14. “Charlie & The Chocolate Factory” (2005)
You would think that Roald Dahl, the great children’s author who mixed wonder with the macabre, would be a perfect fit for Burton. And yet his 2005 remake of “Charlie & The Chocolate Factory,” one of Dahl’s best-known books (previously the source for the 1971 Gene Wilder vehicle “Willy Wonka And The Chocolate Factory”), while not entirely bad, is a long way from being good. The story remains virtually identical from previous versions, albeit with some needless backstory sprinkled on, presumably from studio notes: young, incredibly poor Charlie wins a Golden Ticket for a tour of a magical chocolate factory owned by enigmatic candy magnate, along with a group of much more fortunate but lousy kids and their equally unpleasant parents. It has a hint of the heart and soul it could have had, thanks in large part to a charming Freddie Highmore as the title character (in fact, all of the kids are fairly great).
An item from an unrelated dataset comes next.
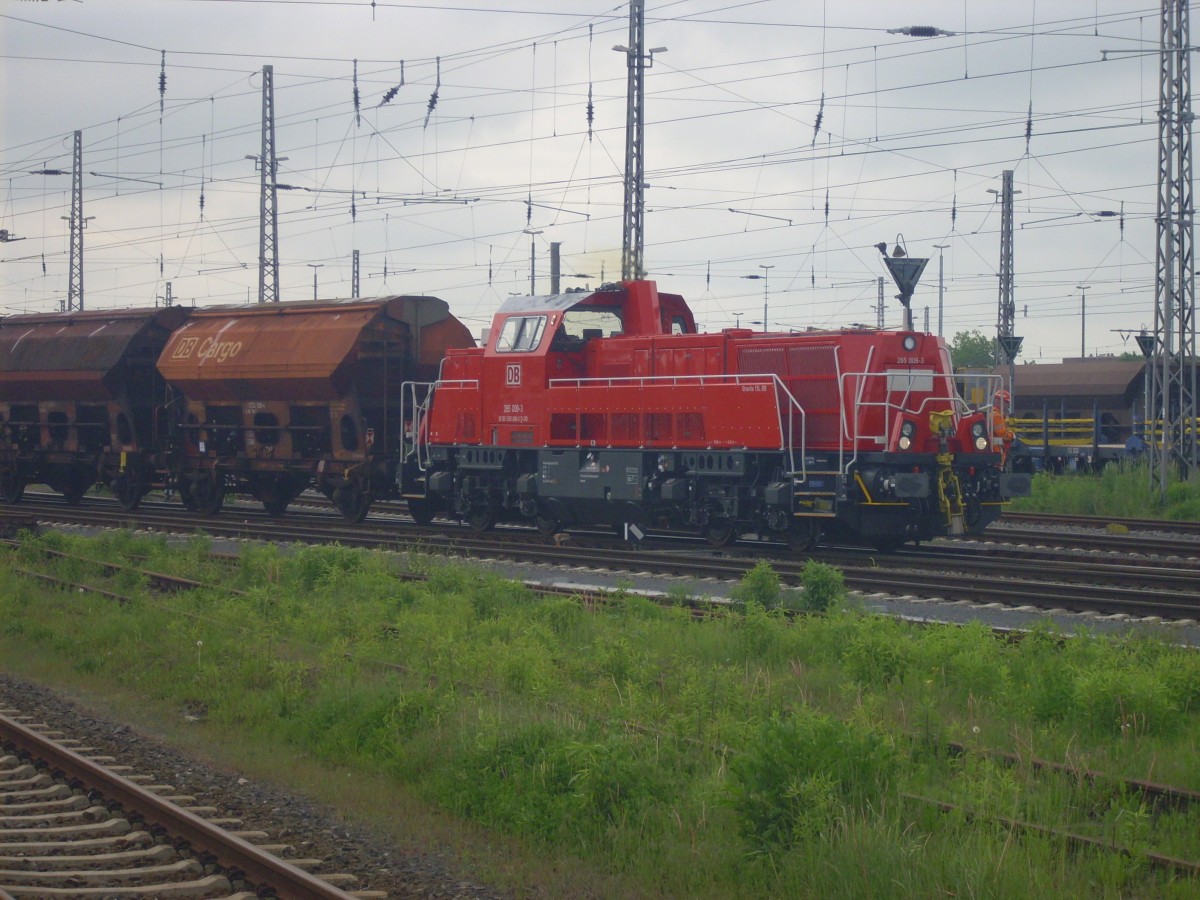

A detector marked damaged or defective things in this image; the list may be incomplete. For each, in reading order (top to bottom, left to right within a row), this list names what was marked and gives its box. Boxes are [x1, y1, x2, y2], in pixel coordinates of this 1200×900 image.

rusty hopper wagon [0, 308, 189, 506]
rusty hopper wagon [151, 296, 468, 520]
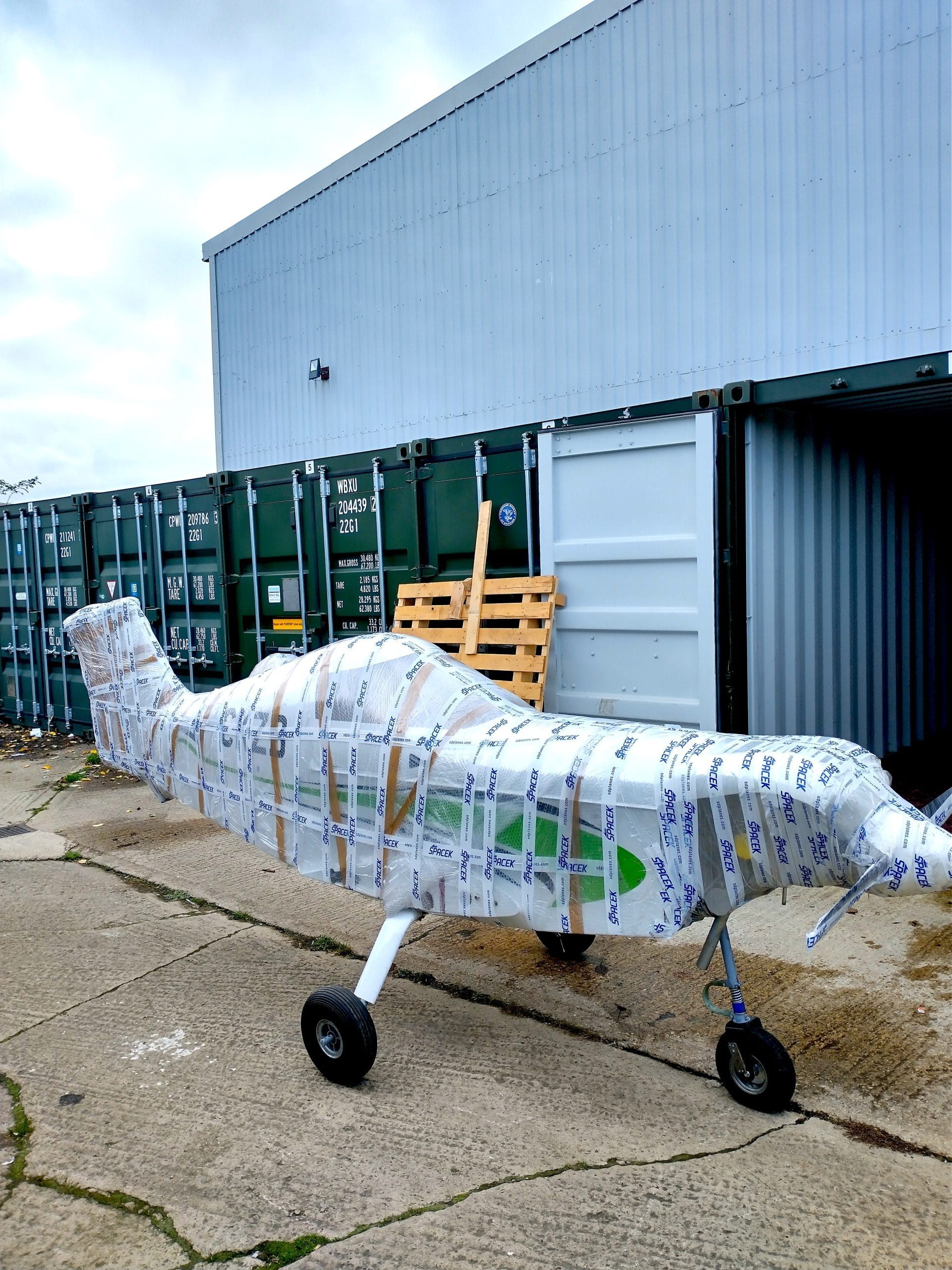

But even more than the director’s work otherwise, this is a film smothered by its elaborate production design and smothered far more by Depp’s performance, seemingly nodding to Michael Jackson but never really developing beyond a wacky caricature.
13. “Big Eyes” (2014)
This film has all the hallmarks of a comeback vehicle: it’s based on a true story, featuring minimal CG and a much less garish approach than Burton’s recent works, casting respected thesps in showy central roles and enjoying an appealing period setting enabling some pretty photography, sets, costumes and location work. And it is concerened with very “Ed Wood”-ish subjects: authenticity in art, the clash between high and low culture, and the value of kitsch caught between cynicism and sincere sentiment. But despite Amy Adams‘ perfect playing of the manipulated Margaret Keane, who painted the “big-eyed waif” pictures her husband Walter took credit for “Big Eyes” is a disappointment —a flat, uninspired rendering of a story that should feel much more textured. Part of the problem is Christoph Waltz‘s irritatingly outsize performance as Walter. His turn is such a mass of affectations that it’s hard to believe he ever would have taken anyone in, or indeed seemed particularly threatening, but it’s not his fault that Scott Alexander and Larry Karaszewski’s script gives little insight into his megalomania. Interesting subtexts teased by the inclusion of a snooty art critic (Terence Stamp) and a low-brow gossip columnist (Danny Huston) also never go anywhere, and Burton feels curiously disengaged from a story with which we’d hoped he’d feel a passionate, reinvigorating kinship.